> _Short text fragments from websites_:
=== Begin Enclosure ===

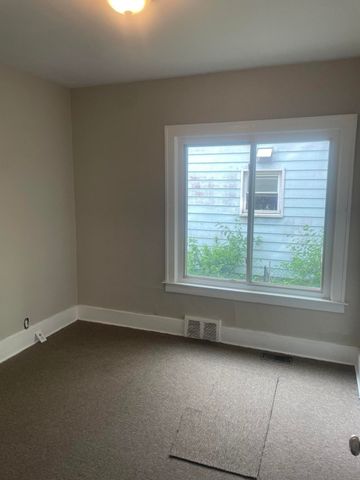6469 Westpoint Street, Taylor, MI 48180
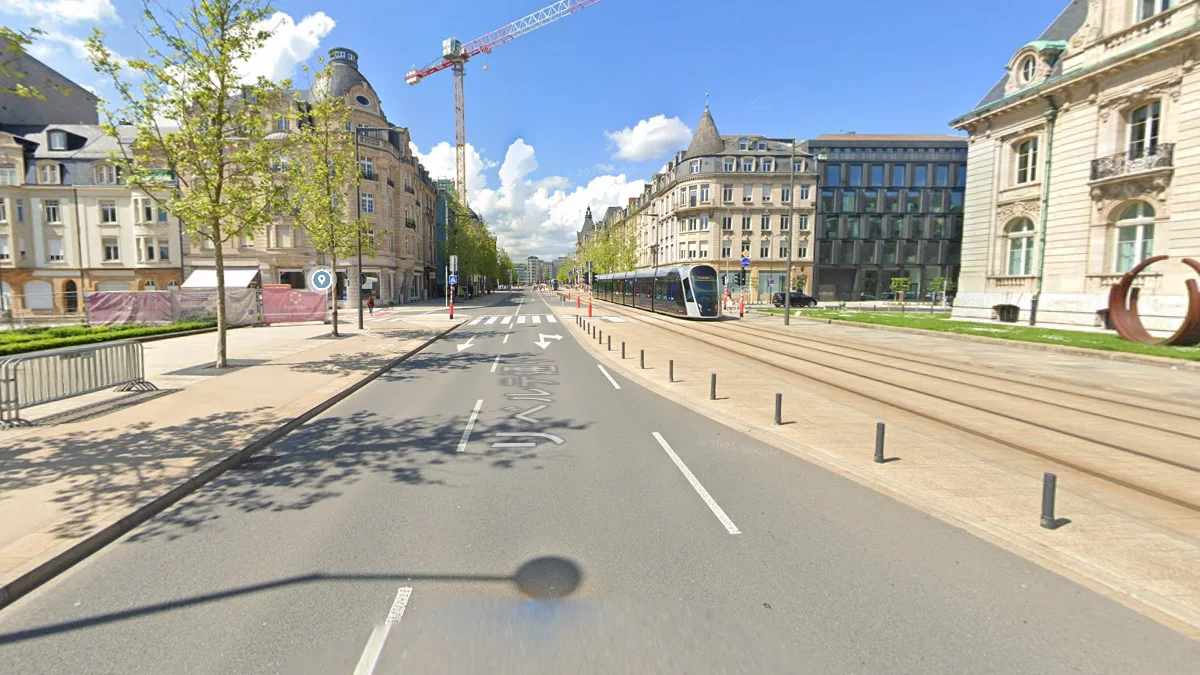 主要為二代或四代街景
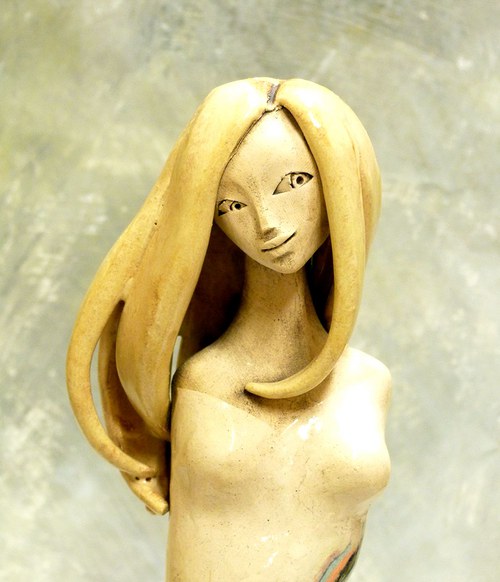 Beriliela - blondýnka v dekorovaných šatech — foto 2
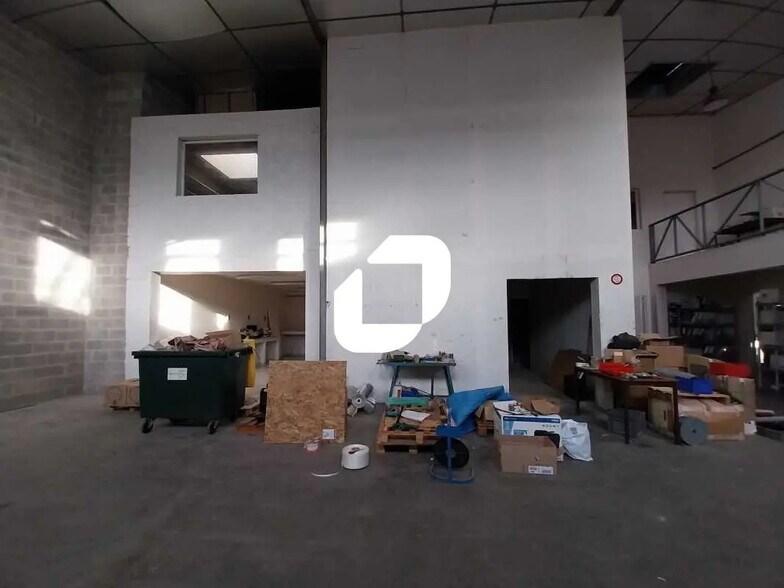 Flex in Jouars-Pontchartrain for lease - Interior Photo - Image 2 of 9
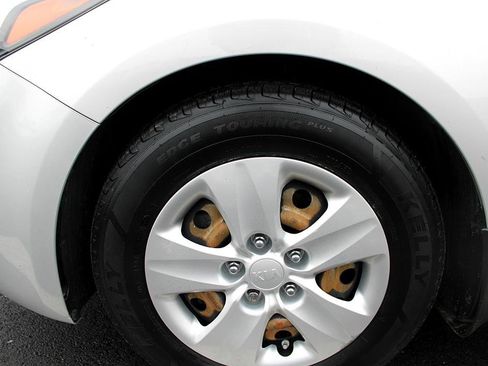 Used 2018 Kia Forte LX w/ LX Popular Package image 21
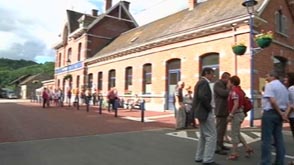 Houyet : inauguration de la nouvelle place de la gare
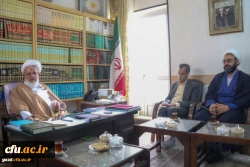 دیدار دکتر محمدی معاون فرهنگی و اجتماعی دانشگاه فرهنگیان با آیت الله ناصری نماینده ولی فقیه و امام جمعه یزد 4
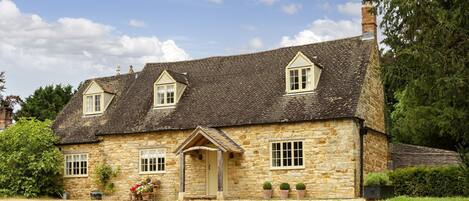 Kitchen Garden Cottage is a honey coloured stone cottage on the edge of this quiet quintessential and unspoiled Cotswold village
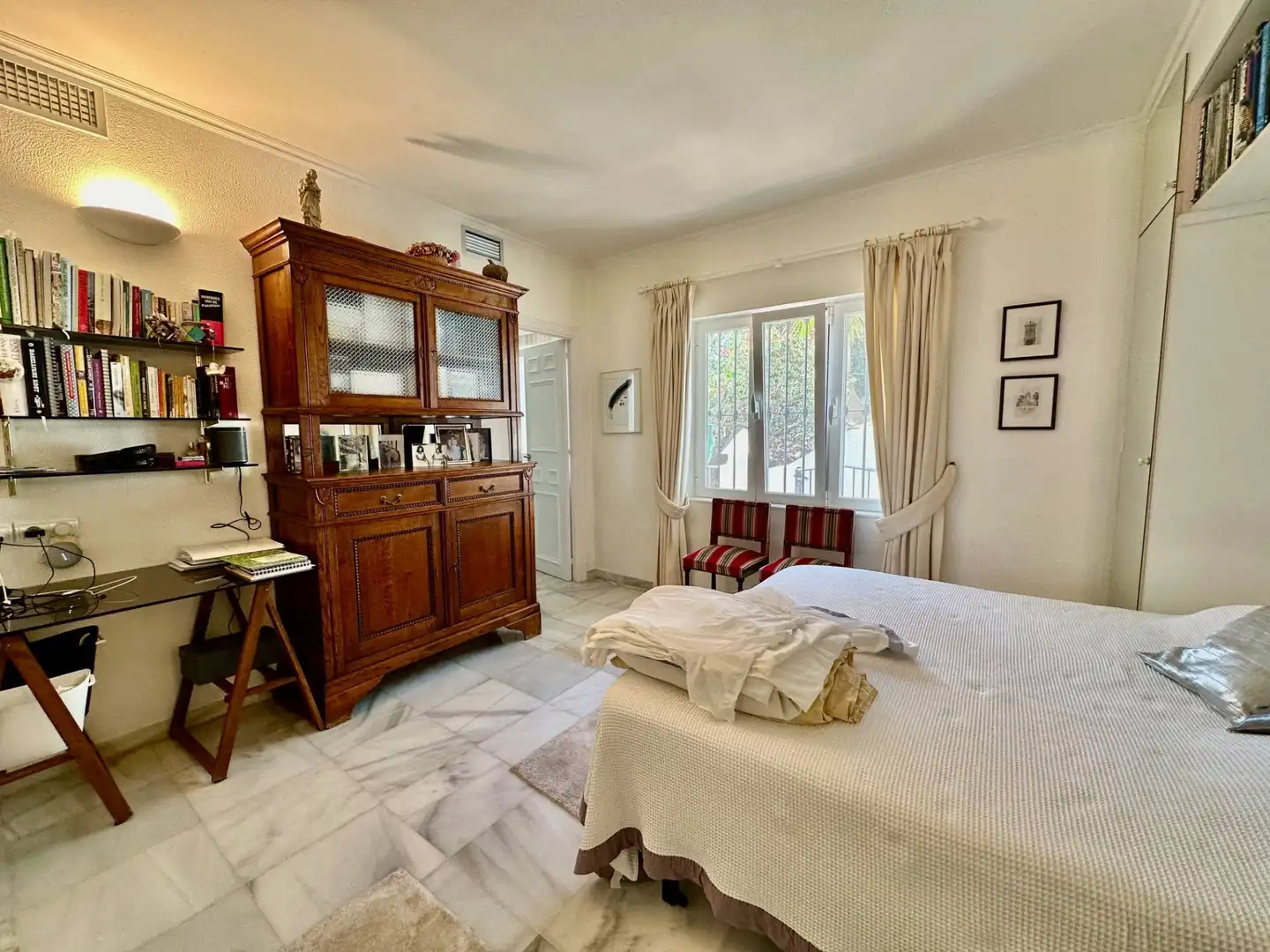 Schlafzimmer von Wohnungen zur Miete in Benahavís mit Klimaanlage, Terrasse und Abstellraum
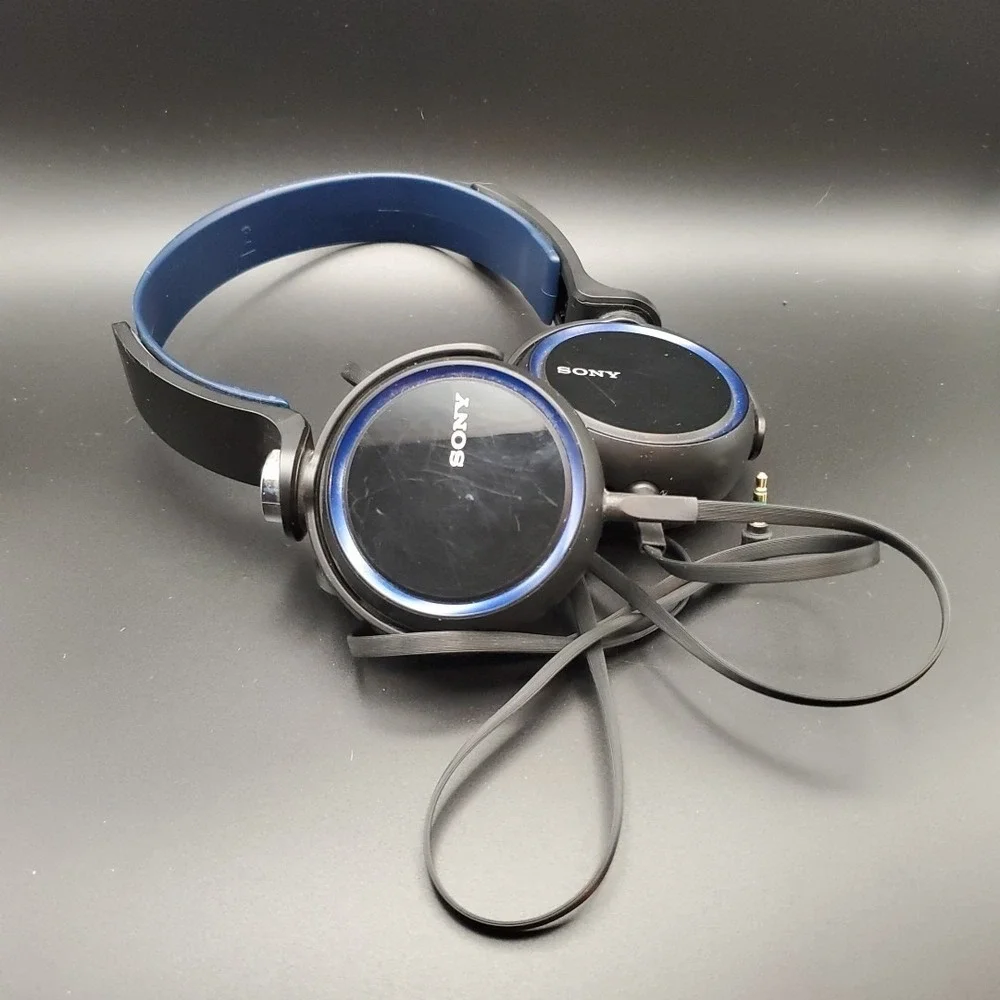SONY MDR-XB400 Wired  Stereo Headphones Black-Blue Working Great Sound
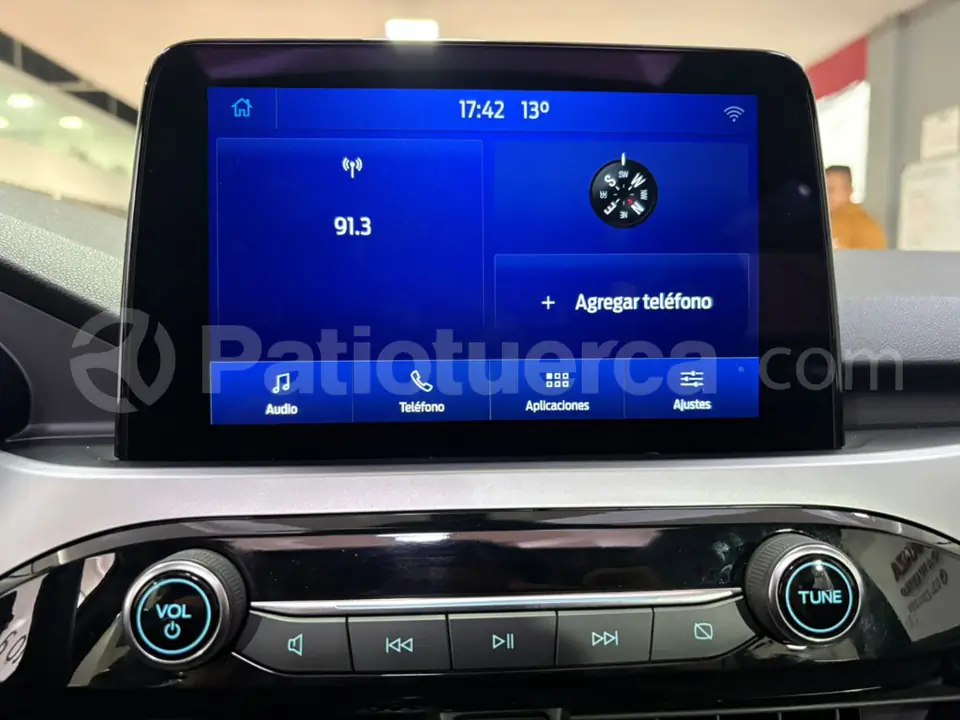 Foto 21 de Ford Escape Trend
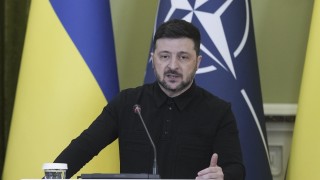 Президентът Володимир Зеленски заяви че украински военни участват в консултации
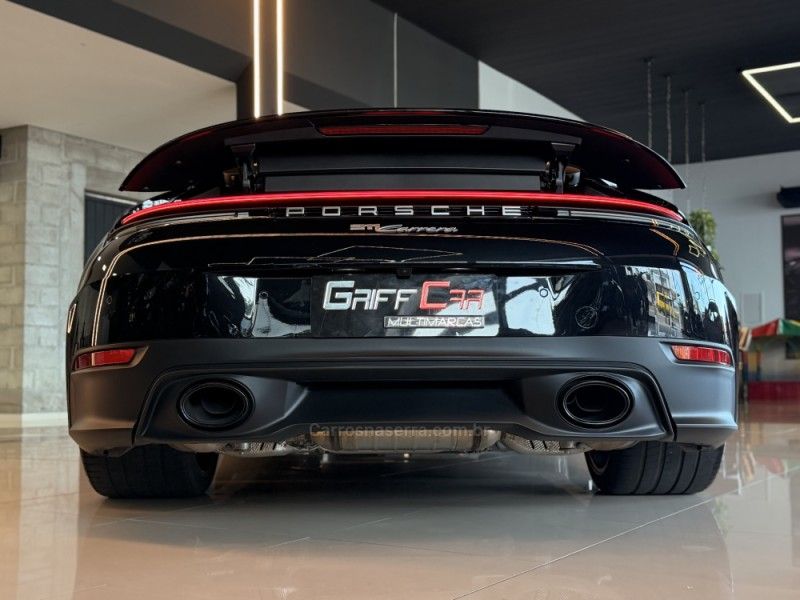 PORSCHE 911 3.0 CARRERA COUPÉ 2025/2026 GRIFFCAR MULTIMARCAS DOIS IRMÃOS / Carros no Vale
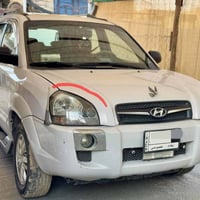 توسان ٢٠١٠ بيه صبغ مثل موضح بالصورة وبارد بالجنطة رايده. ١١٨ $ وبيه مج...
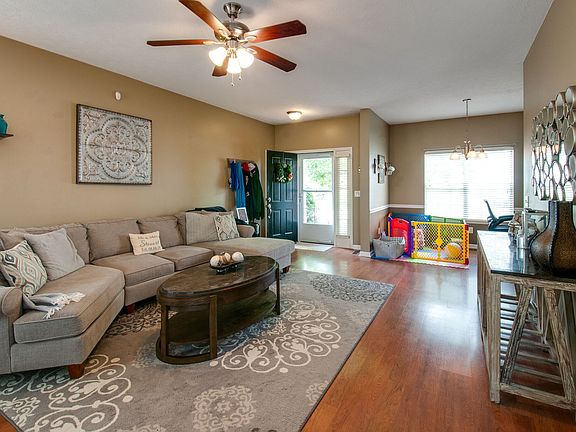 4th image of 2131 Melody Dr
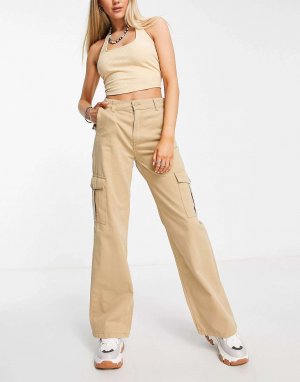 Песочные прямые брюки карго с завышенной талией и леггинсами Pull&Bear. Цвет: бежевый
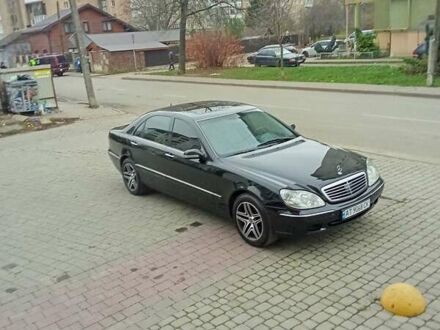 Черный Мерседес С Класс, объемом двигателя 5 л и пробегом 450 тыс. км за 5700 $, фото 1 на Automoto.ua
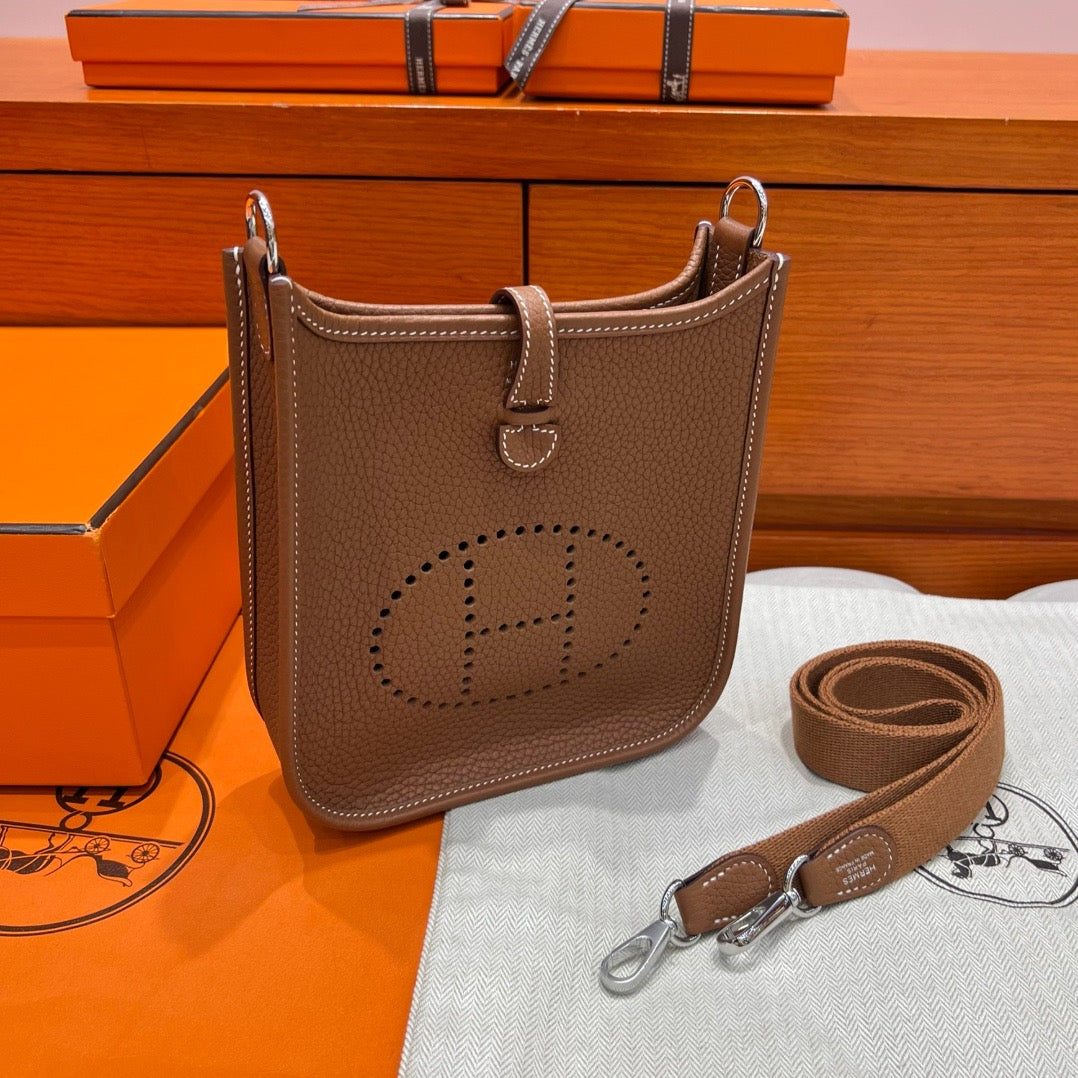 Hermes Evelyne 17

=== End Enclosure ===

> _WHAT TO WORK ON_:
All of the entries must be reproduced exactly, with no pictures kept.

> _TASK SOLUTION_:
6469 Westpoint Street, Taylor, MI 48180
 主要為二代或四代街景
 Beriliela - blondýnka v dekorovaných šatech — foto 2
 Flex in Jouars-Pontchartrain for lease - Interior Photo - Image 2 of 9
 Used 2018 Kia Forte LX w/ LX Popular Package image 21
 Houyet : inauguration de la nouvelle place de la gare
 دیدار دکتر محمدی معاون فرهنگی و اجتماعی دانشگاه فرهنگیان با آیت الله ناصری نماینده ولی فقیه و امام جمعه یزد 4
 Kitchen Garden Cottage is a honey coloured stone cottage on the edge of this quiet quintessential and unspoiled Cotswold village
 Schlafzimmer von Wohnungen zur Miete in Benahavís mit Klimaanlage, Terrasse und Abstellraum
SONY MDR-XB400 Wired  Stereo Headphones Black-Blue Working Great Sound
 Foto 21 de Ford Escape Trend
 Президентът Володимир Зеленски заяви че украински военни участват в консултации
 PORSCHE 911 3.0 CARRERA COUPÉ 2025/2026 GRIFFCAR MULTIMARCAS DOIS IRMÃOS / Carros no Vale
 توسان ٢٠١٠ بيه صبغ مثل موضح بالصورة وبارد بالجنطة رايده. ١١٨ $ وبيه مج...
 4th image of 2131 Melody Dr
 Песочные прямые брюки карго с завышенной талией и леггинсами Pull&Bear. Цвет: бежевый
 Черный Мерседес С Класс, объемом двигателя 5 л и пробегом 450 тыс. км за 5700 $, фото 1 на Automoto.ua
 Hermes Evelyne 17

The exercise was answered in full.